▸ **DATASET EXCERPT**:
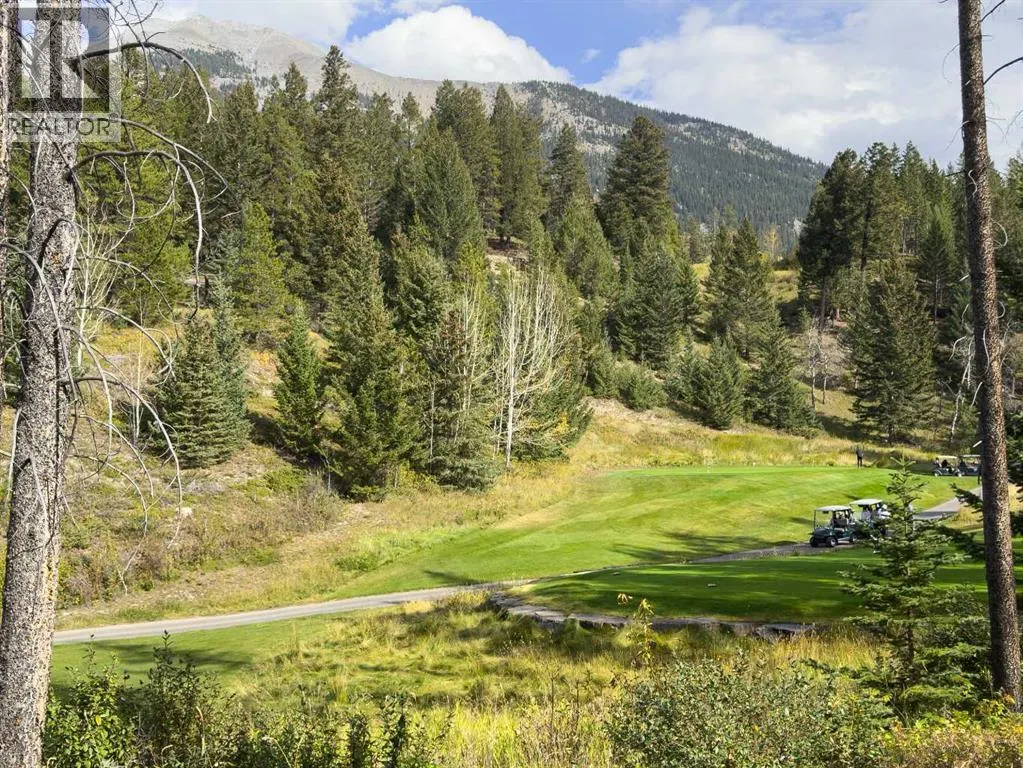 153, 13 Aspen Glen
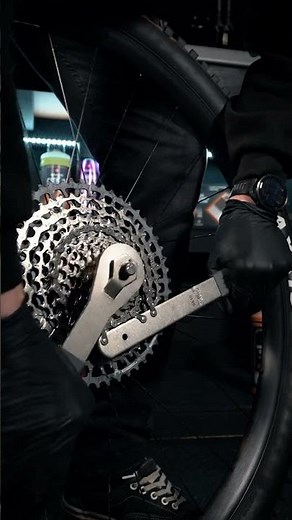 ⚙️ Effortlessly Remove Your Cassette with the Cyclo Chain Whip & Cassette Removal Tool ⛓️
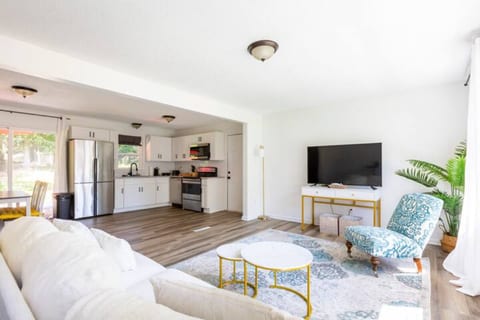 Bohemian Retreat |Newly Remodeled with New Hottub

▸ **PROBLEM STATEMENT**: Reproduce the preceding material exactly, skipping pictures.

▸ **SOLUTION TO THIS EXERCISE**:
 153, 13 Aspen Glen
 ⚙️ Effortlessly Remove Your Cassette with the Cyclo Chain Whip & Cassette Removal Tool ⛓️
 Bohemian Retreat |Newly Remodeled with New Hottub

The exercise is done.